I recently participated in a writing workshop supported by the Royal Literary Fund. The workshop focused on writing practice and techniques to help with writing in academic practice. One such techniques is known as 'freewriting'.
Freewriting can be used as a formal or informal technique to get short, concise ideas on to paper. More commonly used as a pre-writing task, it can also be used for those times when you're getting stuck mid-writing. Think of it as a "jam" for writing: a process constrained by time, aimed at stimulating creativity and overcome mental obstacles. In this case, the content produced is secondary to the process: it will be very rare to produce the works of Shakespeare from a single, isolated freewriting task!

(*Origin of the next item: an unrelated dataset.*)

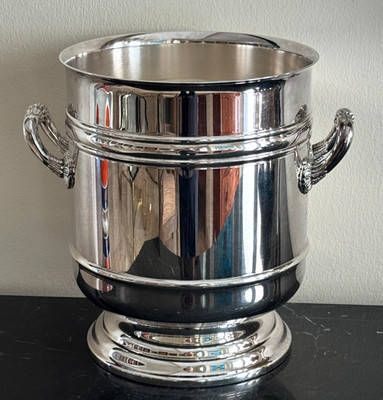 Vintage Christofle France Silver Plated 9'' Tall Ice Bucket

Personally, this wasn't a new phenomena to me, : the previous writing workshops I'd attended preached the message of freewriting for getting past "writer's block" and self-apathy. It can help to make writing feel more natural for those who struggle with that formidable blank screen. But most workshops expect you to "do" without any constraints: I find the instruction "write for five minutes on anything you want" more challenging than "write for five minutes on x topic." I felt so positive from this experience in the workshop that I wanted to try something for Games for Studies.
Announcing, the Five-Minute Freewrite! (Or, FMF for short.)
The rules are:
Highlight a problem or topic, set a timer for five minutes, and write.
The problem should focus on a games-related topic: whether it's based on work you're doing at the moment, a social issue, or a question you want answered. Games for Studies will provide an example topic each month (at the bottom of the page): feel free to follow it, or to write to your own problem!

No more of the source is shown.